Saturday, September 14, 2013

Translating ancient wisdom

One thing that strikes me in Sangharakshita's recent book is how he is translating Nagarjuna into modern times. Reading his books on texts really brings them alive for me. I'm enjoying Living Wisely: Further Advice from Nagarjuna's Precious Garland.

Saturday, September 07, 2013

relationship mantras

1. Dear one, I am really here for you.
2. Dear one, I know that you are here, and I am very glad about it.

This is from the first essay in Right Here with You: Bringing Mindful Awareness into Our Relationships.

Monday, September 02, 2013

"I'll tell you one thing, Franny. One thing I know. And don't get upset. It isn't anything bad. But if it's the religious life you want, you ought to know right now that you're missing out on every single goddam religious action that's going on around this house. You don't even have sense enough to drinkwhen somebody brings you a cup of consecrated chicken soup- which is the only kind of chicken soup Bessie ever brings to anybody around this madhouse. So you just tell me, just tell me, buddy. Even if you went out and searched the whole world for a master- some guru, some boly man- to tell you how to say your Jesus Prayer properly, what good would it do you? How in hell are you going to recognize a legitimate holy man when you see one if you don't even know a cup of consecrated chicken soup when it's right in front of your nose? Can you tell me that?"

Sunday, September 01, 2013

I was showing my boys all the different rupas and tankas. "This one is manjushri, this one is avalokateshevra....

"That one is the funny one?"
I tried to understand for a second. He heard hysterical instead of historical.

That's great--the hysterical Buddha. Of course I don't like the negative connotation in hysterical, which is part of the history of mistreatment of women by the medical profession, but still.

I'm reading Franny and Zooey because when I was on a date at the movies, I saw there's a Salinger movie coming out. I'd read Catcher In The Rye recent enough to move to it. I think the movie is going to be stupid, because the guy just wanted his art to speak for himself, and people kept doing crazy things in the name of his book. To be so colossally misunderstood, is quite tragic. 

I was reading Franny and Zooey, and I was thinking about how Franny was being Holden Caulfield like, in that everyone was a phony. And you could see how someone who was alienated, would really identify with the character. But I think he's doing it for a reason. I don't really know how deeply Salinger got into Buddhism, but he obviously knows a little about Buddhism. DT Suzuki was big in NYC at the time. Salinger later moved towards Advaita Vedanta

Franny is experiencing the first noble truth, that life is suffering. And she's reaching for more and she talks about The Way Of A Pilgrim, which I've yet to read. 

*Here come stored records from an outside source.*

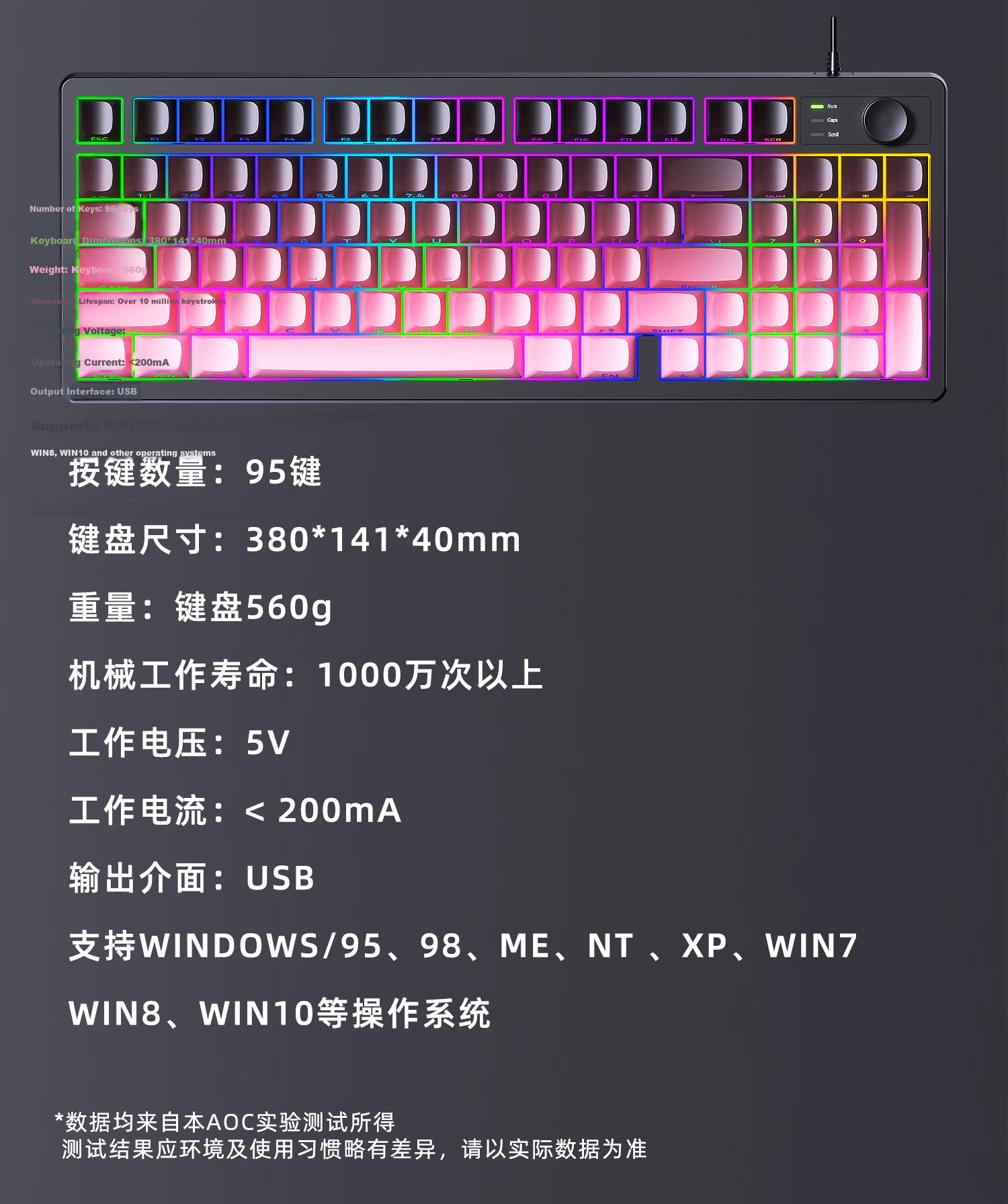 AOC K120 Wired Mechanical Feel Keyboard Gaming Office Keyboard 98-Key Layout Backlit Desktop Laptop Keyboard Dusty Gray Side-Printed 14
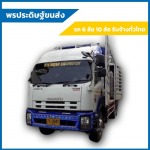 6ล้อคอกเปิดข้างรับจ้างขนของชลบุรี - พรประดิษฐ์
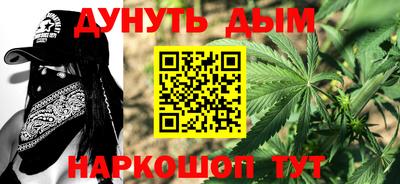 COCAINE Белореченск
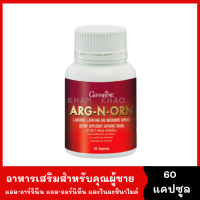 Arg N Orn อาหารเสริมสำหรับผู้ชาย ของแท้ บำรุงร่างกาย 60 capsule [1 กระปุก] อาร์ก เอน ออน อาหารเสริมท่านชาย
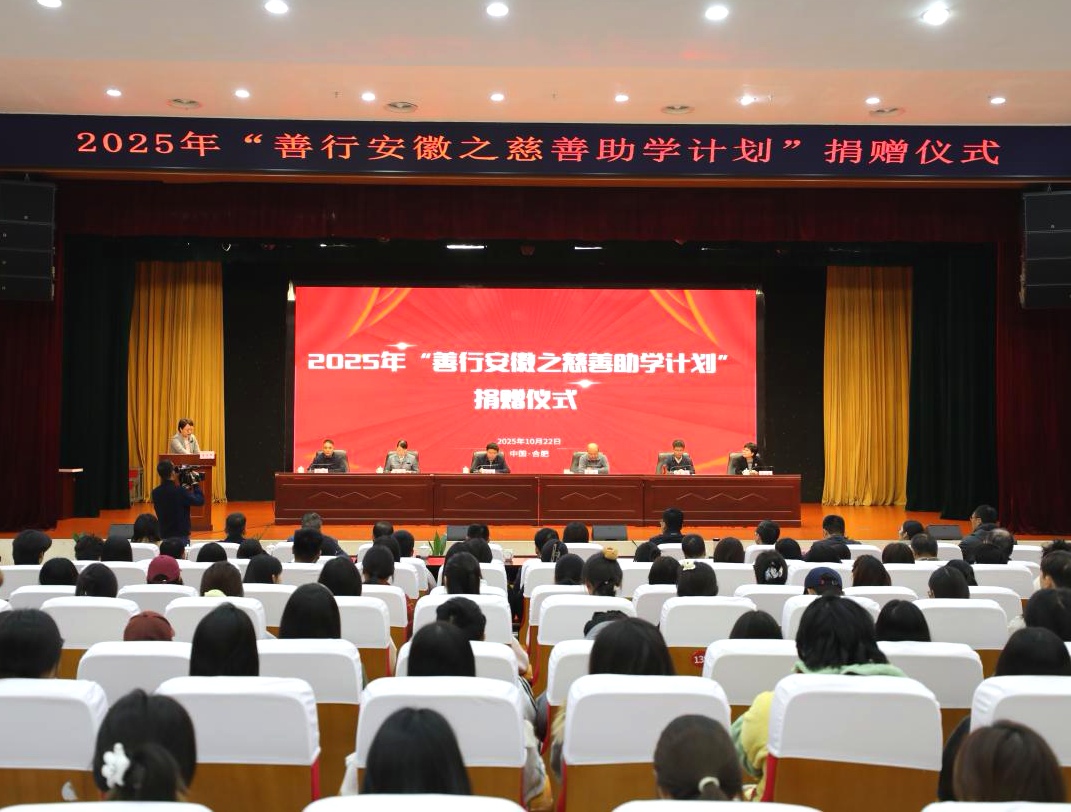 2025年「善行安徽」慈善助學計劃暖心啟航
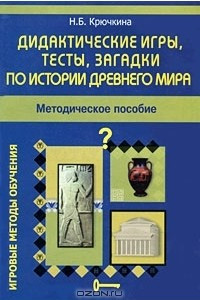 Книга Дидактические игры, тесты, загадки по истории древнего мира. Методическое пособие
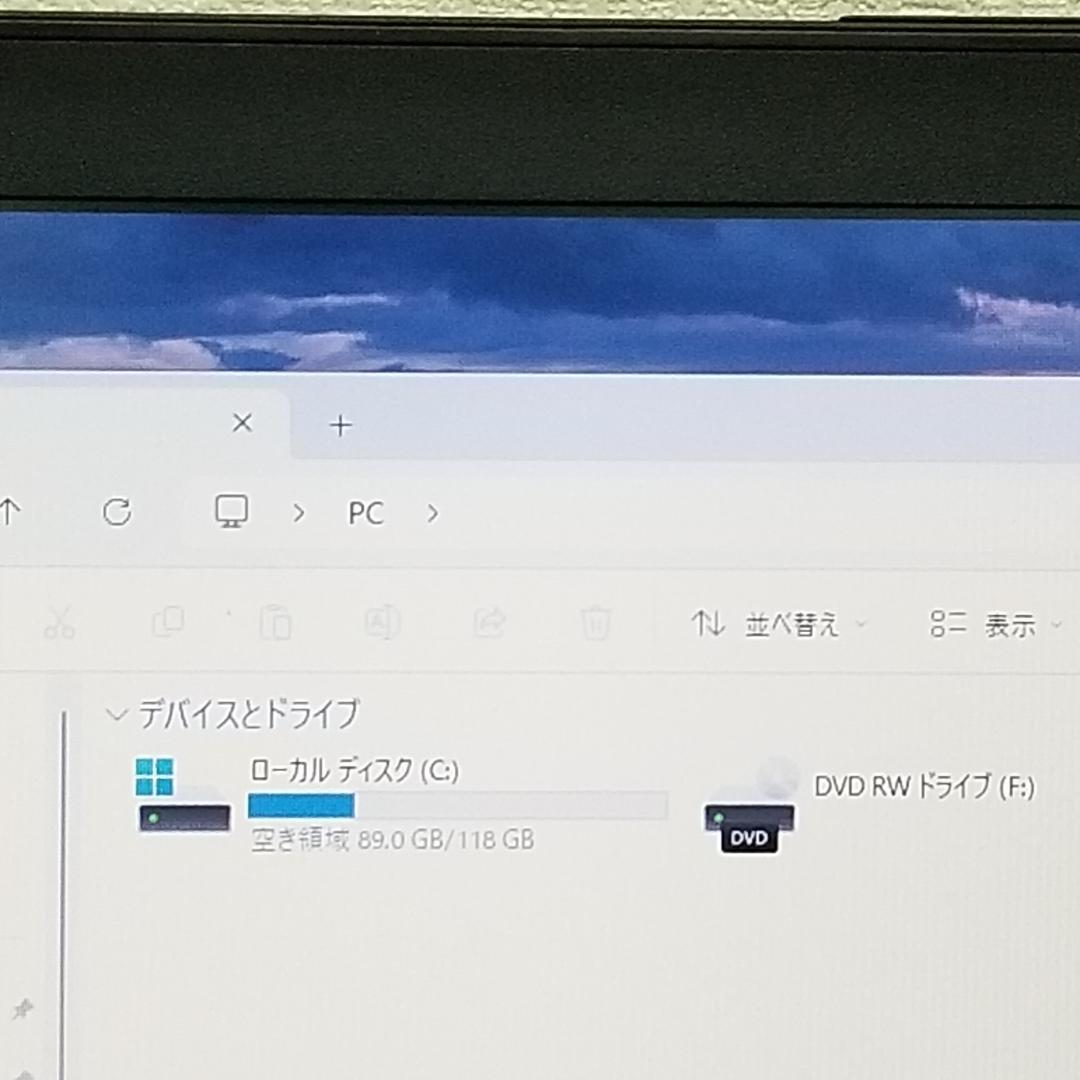 期間限定 SSD i5 DVD搭載 Win11 ノートPC 東芝 (E2066)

Franny keeps talking about how everyone is ego ego ego. Now, I think that can be a pretty superficial understanding of Buddhism, though in the beginning of the journey you can notice how colossally self involved everyone is, but then you just can't look at that sun too long because it hurts, and you turn away.

I read a lovely post by Danny Fisher about how your practice isn't even really about you.

I know you don't have to read every book mentioned by an author to understand a book, but there are clues into which traditions the book is placing himself. And I think Salinger is pointing to a kind of transcendence, the path to lead from suffering.

Unfortunately, the internal dialogue of alienation, does not necessarily point to a solution.  We all find out own solutions, if it's drugs, or art, or family, science or religion. I think he captures a visceral disgust for the world amongst adolescents. To have adolescents read him and not have the keys to transcending alienation, hopefully challenges them to find a key to transcending alienation. I have a book on alienation on my shelf that I haven't read, a cast off from a friend's philosophy past.

As I've said before appropriating culture to your own purposes is part shady and part business as usual.